INSTRUCTIONS TO FOLLOW
Copy exactly the lines of the data below that run from the line holding "스위스밀리터리 알카라인 9V 카드형 건전지, 1개입, 4개 6,520원" through the line holding "The Antiqued Journey", both ends included.

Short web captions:
--

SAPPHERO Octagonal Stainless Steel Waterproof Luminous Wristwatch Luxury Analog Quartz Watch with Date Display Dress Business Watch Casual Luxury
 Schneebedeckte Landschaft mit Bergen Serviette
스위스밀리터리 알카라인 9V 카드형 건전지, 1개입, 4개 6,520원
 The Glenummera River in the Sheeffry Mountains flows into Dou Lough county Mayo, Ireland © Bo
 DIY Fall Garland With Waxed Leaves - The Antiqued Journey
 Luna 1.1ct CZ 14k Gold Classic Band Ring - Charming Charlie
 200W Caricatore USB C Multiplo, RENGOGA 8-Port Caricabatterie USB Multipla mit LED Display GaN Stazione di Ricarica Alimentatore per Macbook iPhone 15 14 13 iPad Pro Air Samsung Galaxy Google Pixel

--

YOUR SOLUTION
스위스밀리터리 알카라인 9V 카드형 건전지, 1개입, 4개 6,520원
 The Glenummera River in the Sheeffry Mountains flows into Dou Lough county Mayo, Ireland © Bo
 DIY Fall Garland With Waxed Leaves - The Antiqued Journey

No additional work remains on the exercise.